For me creation is a very solitary act, while J. seems to move fluidly between making for herself, and making art with friends, an act that seems to invigorate and inspire the participants to greater depths of friendship even as it often yields the most delightful and spontaneous works of art.
As the urge to create rises up out of me I feel a kind of cocoon forming around my thoughts, a place where they can grow and transform. Sometimes it leaves me feeling very isolated, though this feeling disappears quickly as I invite J. to view the work in its various sages of completion. She is one of the few people that seem to naturally understand that an unfinished work is just that, unfinished, and won’t criticize what isn’t there. It is a rare gift.

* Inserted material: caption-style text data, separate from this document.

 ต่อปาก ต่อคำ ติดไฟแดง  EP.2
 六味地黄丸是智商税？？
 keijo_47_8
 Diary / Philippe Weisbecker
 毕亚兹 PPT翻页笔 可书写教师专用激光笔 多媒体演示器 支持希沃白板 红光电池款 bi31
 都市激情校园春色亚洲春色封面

“The angel was already in the marble,” said Michelangelo. “All I had to do was remove the bits around her.”
That feels right. Even though I can’t always see the finished product in my minds eye, I know that it is there, the pulsing chrysalis yearning to break free.
Talking to J. yesterday she recounted the craziness of the schedule, of trying to raise four kids, to make ends meet and find time enough to get the things we have to do done. Grateful, she told me of the support network of friends that she has that have given her time and food and a clarity that can only come from the gift of friendship. Grateful I thought about how our relationship has evolved over time, that it is flexible enough to handle the changes of schedule and the demands of life, and at the same time allows for growth and creativity.